SMC hosts mock trial summer camp
Martha Reilly | Wednesday, August 26, 2015
This summer, Saint Mary’s associate professor of communication studies Michael Kramer and Notre Dame law student Chase Hundman taught eight high school students about courtroom procedures during a week-long camp on Saint Mary’s campus.
“We tried to give some exposure to all the different parts of a trial,” Kramer said. “Something that’s made to look really easy on TV is a lot more complicated in real life.”
The students reenacted what a real civil court case may have looked like, as they participated in a mock trial during a showcase at the end of the week.

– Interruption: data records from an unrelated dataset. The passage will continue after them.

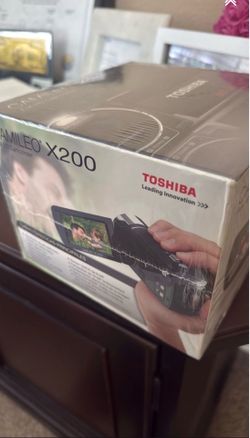 New Camcorder, Toshiba x200, Full HD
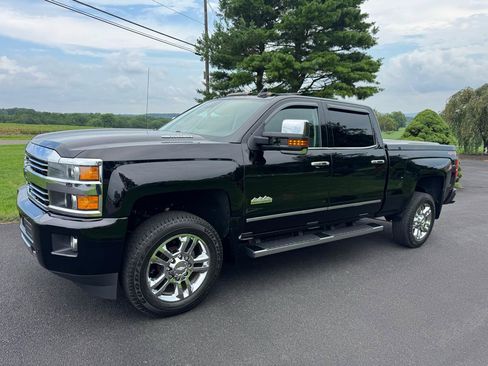 Used 2015 Chevrolet Silverado 2500 High Country w/ Duramax Plus Package AWD/4WD image 2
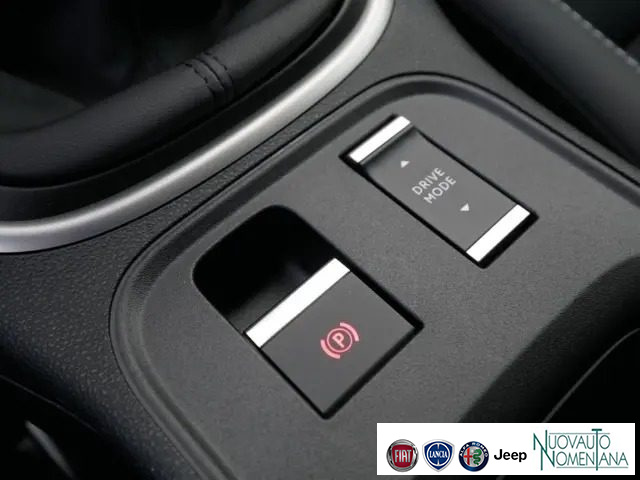 JEEP Avenger usata, con Sensori di parcheggio posteriori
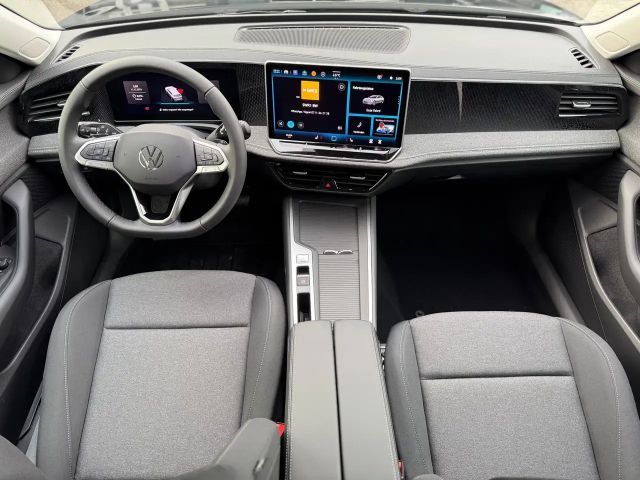 Volkswagen Passat 1.5 eTSI DSG Variant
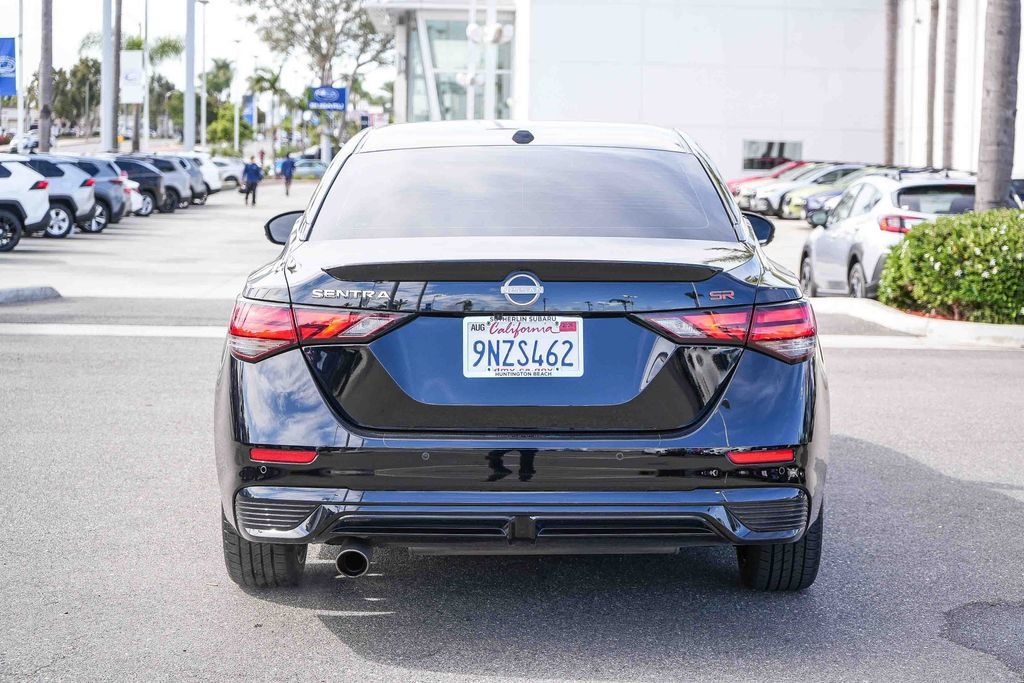 Used 2024 Nissan Sentra SR FWD image 9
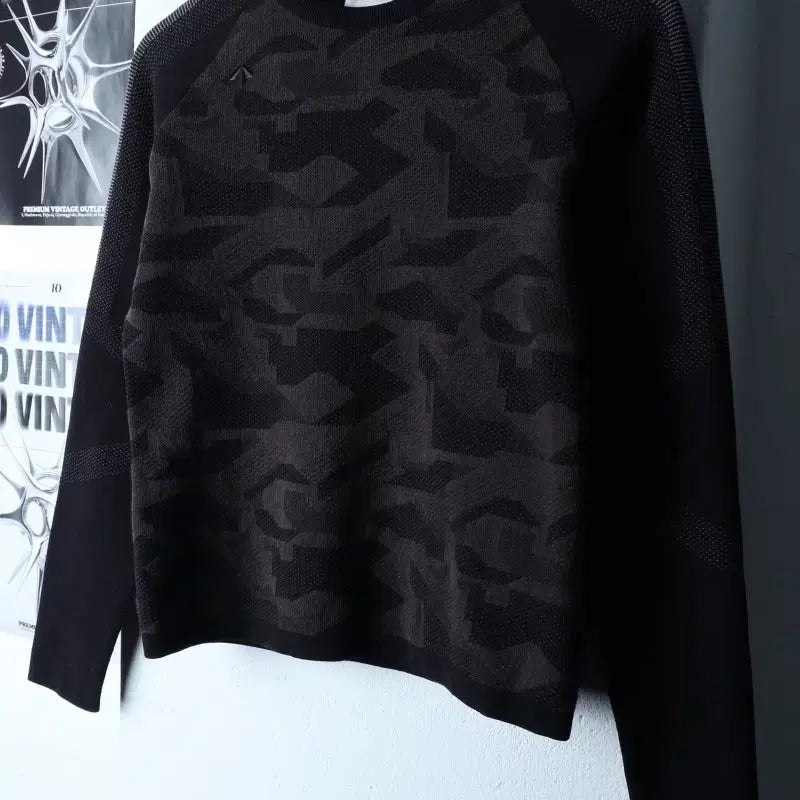 [BUNJANG] Descente Knit Pattern Black Crop Old School / W(S) 데상트 니트 패턴 블랙 크롭 올드스쿨-1751C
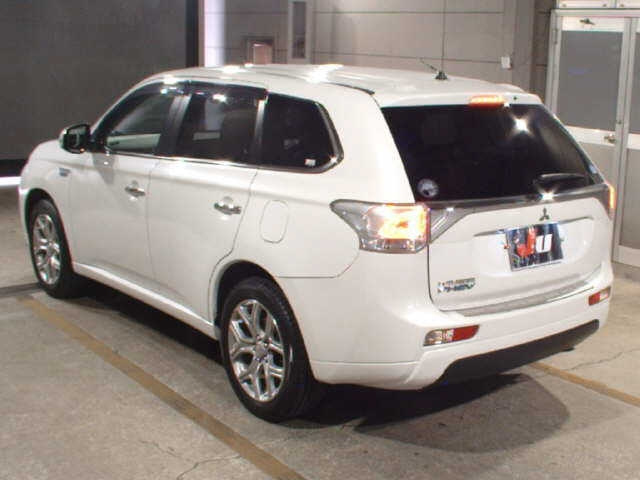 MITSUBISHI OUTLANDER PHEV 2013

According to Kramer, the camp focused on a specific case that involved filmmaker Kelley Wilson, who sued Disney for copyright infringement because of similarities between her short film “The Snowman” and the trailer for Disney’s “Frozen.”
Kramer said to simulate the courtroom process most accurately, he and Hundman gave each student a role, allowing everyone to play different parts in the trial process.
“We had a team of students representing Kelley Wilson and a team of students representing Disney,” Kramer said. “One of the students played a judge ruling on the objection. We wanted to make sure that everyone did something.”
He said the camp clarified some of the media’s false portrayals of courtroom procedures and increased students’ awareness of the events that take place during a trial.
“I think they were able to get more of a real world sense of how a courtroom procedure goes,” Kramer said. “We see a lot of it on TV and in film, but it’s not always the most realistic.”
Kramer said if granted the opportunity, he would hold the program again next summer to teach even more high school students about courtroom procedures. He said students learned many valuable skills but that one of the best parts was clarifying common misconceptions about the legal system through a demonstration.
“We talked about many different topics,” Kramer said. “The showcase where they actually did the parts of the trial went really well, and it was a lot of fun.”
According to Kramer, the summer program provided participants with new skills, such as coming up with evidence, dealing with objections and writing opening and closing statements.
“We tried to, as much as we could in the context of the camp, give them some real-life, hands-on type of experience,” Kramer said. “The students seemed to enjoy it a lot.”
Kramer said the success of this year’s summer program suggests that the experience heightened the participants’ awareness of the legal system.
“Students with experience in mock trial or in the law are interested in that system,” Kramer said. “There’s a natural curiosity that students have, even at a younger age, about how the courtroom operates and about how these cases work their way through it and get decided.”